Transcribe nothing but the lines from the one with "Matthew Morrison at" to the end of the entries, both included, keeping each exact and leaving every picture out.

(Available data Opens)

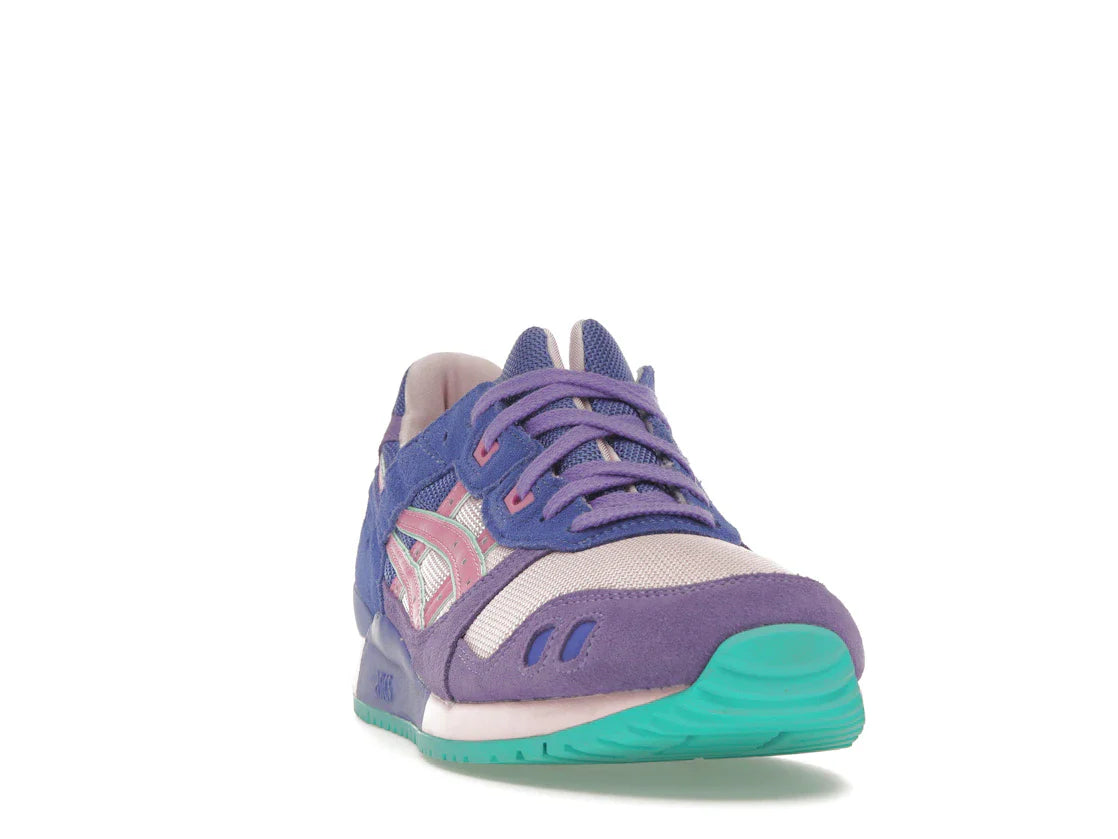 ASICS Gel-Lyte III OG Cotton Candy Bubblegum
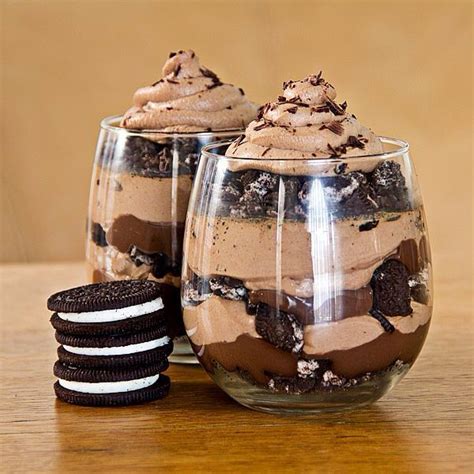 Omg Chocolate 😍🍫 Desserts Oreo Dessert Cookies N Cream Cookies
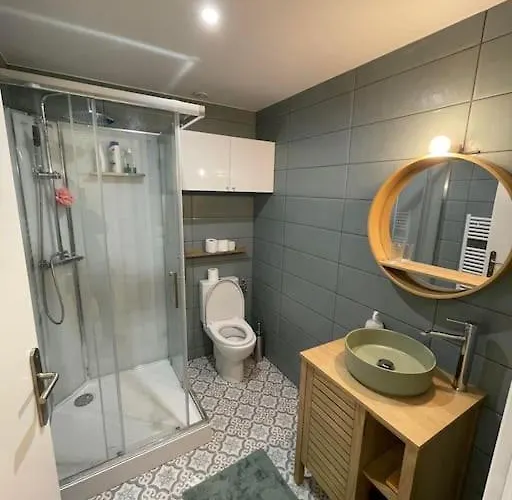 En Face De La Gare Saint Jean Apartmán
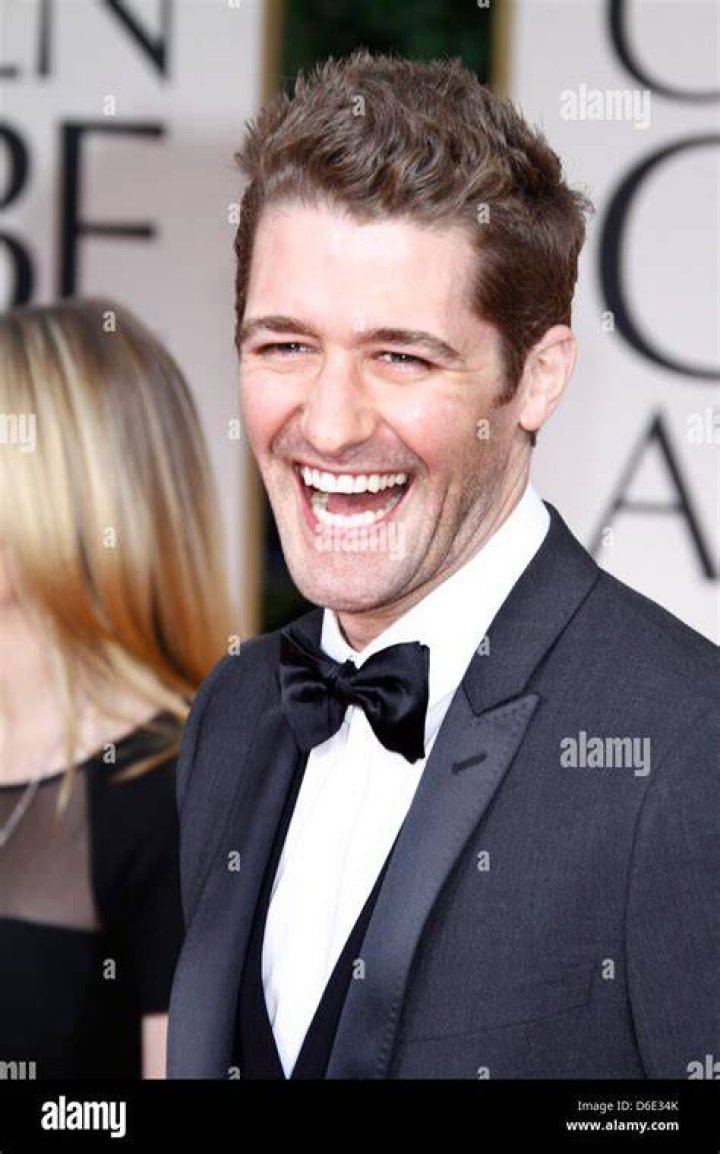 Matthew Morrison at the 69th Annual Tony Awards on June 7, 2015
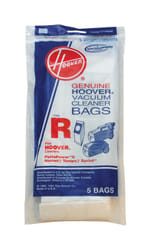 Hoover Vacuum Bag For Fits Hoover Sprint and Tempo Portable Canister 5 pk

(Available data Closes)

Finished exercise:
 Matthew Morrison at the 69th Annual Tony Awards on June 7, 2015
 Hoover Vacuum Bag For Fits Hoover Sprint and Tempo Portable Canister 5 pk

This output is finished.